Ammonia is a critical chemical that sustains the global food chain by feeding approximately 40% of world’s population. Ammonia can also be utilized as a clean fuel or energy carrier to power efficient energy conversion devices. However, ammonia production based on Haber-Bosch process is increasingly challenged by scalability and energy intensity (consuming almost 2% of the world’s energy). Ideally, feasible ammonia synthesis processes enabling intermittent operations at milder conditions and smaller scale, as well as the integration with renewable energy sources, will bring the technological breakthrough in order to better suit current societal needs.

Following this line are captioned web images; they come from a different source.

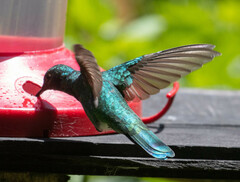 Colibri cyanotus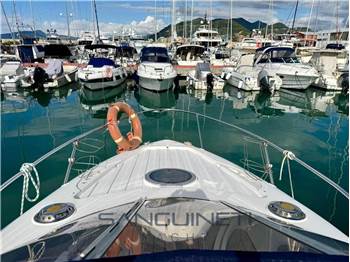 Salpa Laver 25.5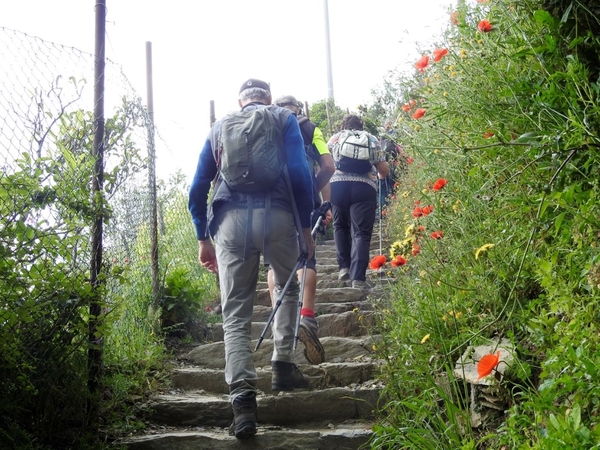 intersoc cinque terre reisduiveltje italie italia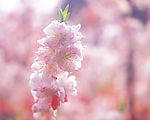 春暖花开17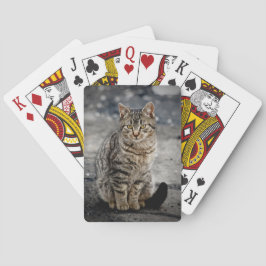Portrait einer Katze Spielkarten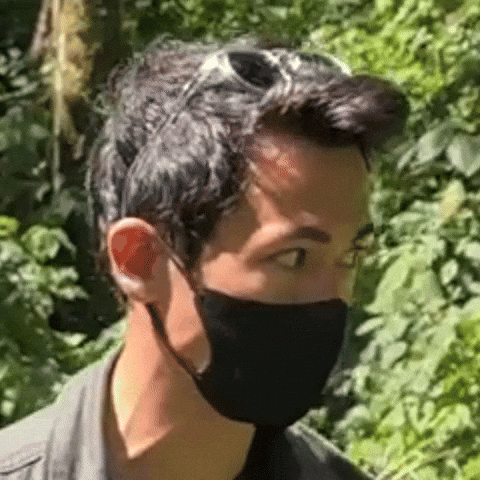 Shocked GIF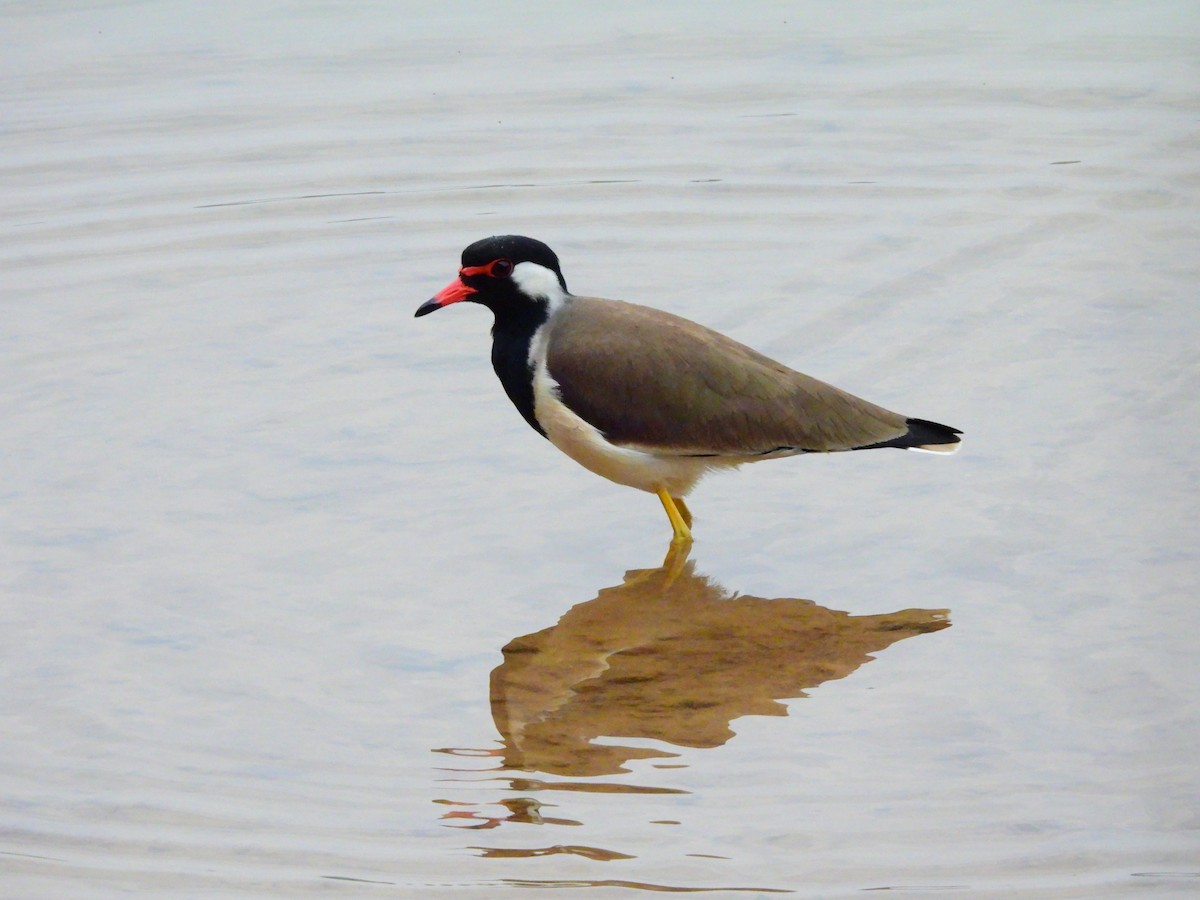 Red-wattled Lapwing - ML647065169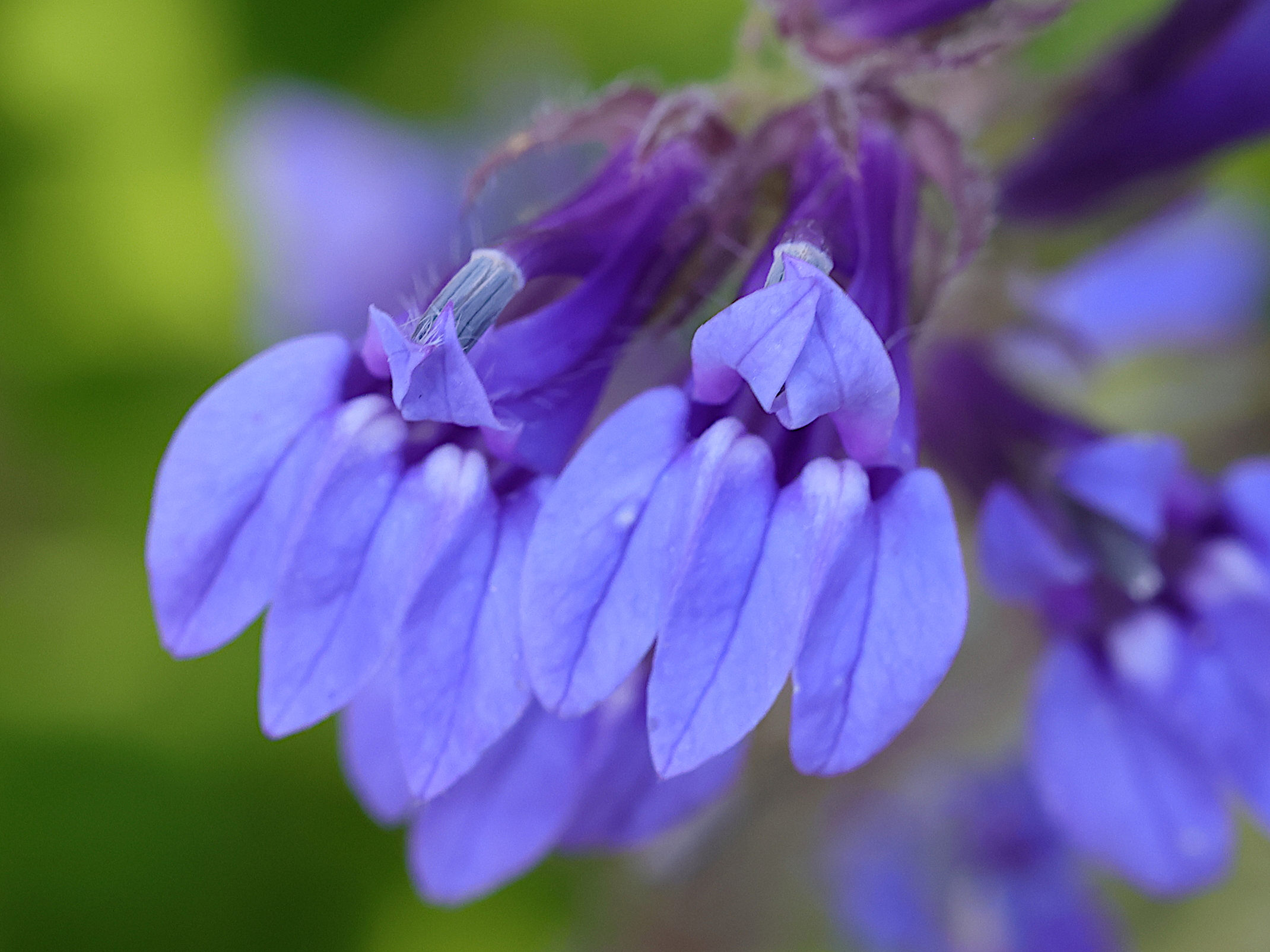 Afficher le média lobelia_inflata3md lobelia_inflata3md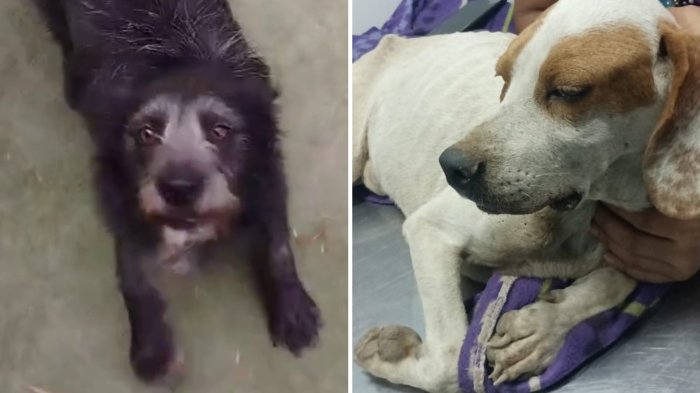 Perritos fueron abusados en San Bernardo y organización busca familia que cambie su triste realidad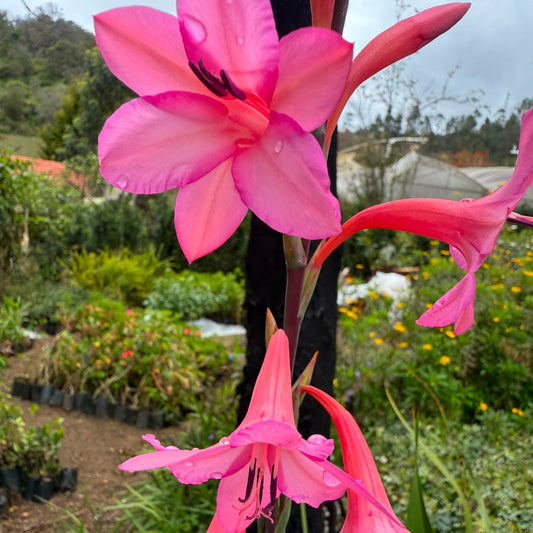 Bees Plant Hub Pink Iris (Iris germanica) Rare All Time Flowering Live Plant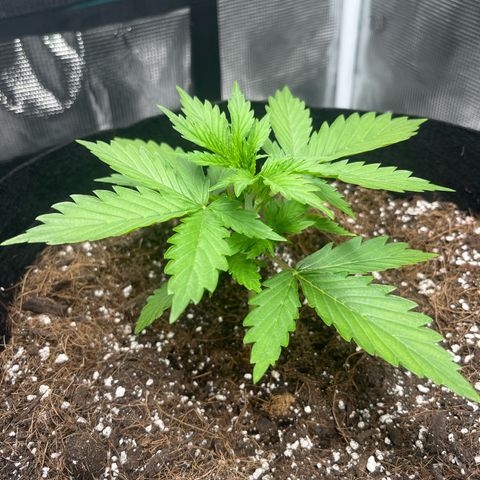 Diesel Automatic growlog timeline photo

In this talk, theoretical density functional theory (DFT) will be used to evaluate a class of novel alternative materials for N₂ activation, ammonia formation and decomposition. Specifically, our recent work on transition metal or alloy-based nitrides (TMNs) will be discussed to show that the knowledge of molecular mechanism from theory is necessary and can lead to the formulation of guidelines to help identify appropriate materials and their optimizations. TMNs have been successfully demonstrated in stepwise, atmospheric ammonia synthesis in a nitridation cycle. Recent studies have also suggested that TMNs are also promising materials to catalyze N₂, via electroreduction, to ammonia under ambient conditions. By following a Mars-van Krevelan mechanism, we identified that the nitride formation thermodynamics and nitrogen species diffusion kinetics under relevant process condition are both the key and will invoke the consideration of both aspects simultaneously in the nitridation-reduction cycle. To improve the TMN performance, the simple strategy to modify the electronic structures of TMN by alloying with other transition metals, targeting both bond formation and nitrogen transport within TMN, will be presented. Derived from our computational findings, bifunctional materials that are capable of efficient N₂ activation and ammonia synthesis in synergy may hold the ultimate solution. Potential candidate materials that can be deployed for electrochemical or thermal ammonia production will be presented.